_LISTED RECORDS_:
########

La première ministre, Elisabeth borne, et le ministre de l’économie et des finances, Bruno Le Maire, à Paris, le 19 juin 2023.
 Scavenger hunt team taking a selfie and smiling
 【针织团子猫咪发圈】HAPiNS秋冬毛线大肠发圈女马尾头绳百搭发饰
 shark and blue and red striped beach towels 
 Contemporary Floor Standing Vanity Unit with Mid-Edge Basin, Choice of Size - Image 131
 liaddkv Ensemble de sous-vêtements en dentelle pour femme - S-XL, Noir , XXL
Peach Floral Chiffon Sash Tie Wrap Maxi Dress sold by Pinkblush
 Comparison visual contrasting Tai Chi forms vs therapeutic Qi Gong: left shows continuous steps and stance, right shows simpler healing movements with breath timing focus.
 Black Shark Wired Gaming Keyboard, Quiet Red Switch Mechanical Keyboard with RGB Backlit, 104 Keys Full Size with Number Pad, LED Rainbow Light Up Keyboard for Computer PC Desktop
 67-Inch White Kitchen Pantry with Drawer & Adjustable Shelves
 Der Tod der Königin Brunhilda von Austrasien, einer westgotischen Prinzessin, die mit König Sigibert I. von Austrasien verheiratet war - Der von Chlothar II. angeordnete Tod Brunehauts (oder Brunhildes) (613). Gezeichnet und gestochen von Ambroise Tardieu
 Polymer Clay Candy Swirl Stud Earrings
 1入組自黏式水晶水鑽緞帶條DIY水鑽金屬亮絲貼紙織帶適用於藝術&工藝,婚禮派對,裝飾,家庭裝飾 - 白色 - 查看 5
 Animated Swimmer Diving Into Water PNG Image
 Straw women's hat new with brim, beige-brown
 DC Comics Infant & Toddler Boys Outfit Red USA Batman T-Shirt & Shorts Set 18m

########

_WORK INSTRUCTIONS_:
With the line containing "Polymer Clay Candy Swirl Stud Earrings" as the first and the last line of the data as the final one, copy every line between them exactly, those two included.

_YOUR RESPONSE_:
 Polymer Clay Candy Swirl Stud Earrings
 1入組自黏式水晶水鑽緞帶條DIY水鑽金屬亮絲貼紙織帶適用於藝術&工藝,婚禮派對,裝飾,家庭裝飾 - 白色 - 查看 5
 Animated Swimmer Diving Into Water PNG Image
 Straw women's hat new with brim, beige-brown
 DC Comics Infant & Toddler Boys Outfit Red USA Batman T-Shirt & Shorts Set 18m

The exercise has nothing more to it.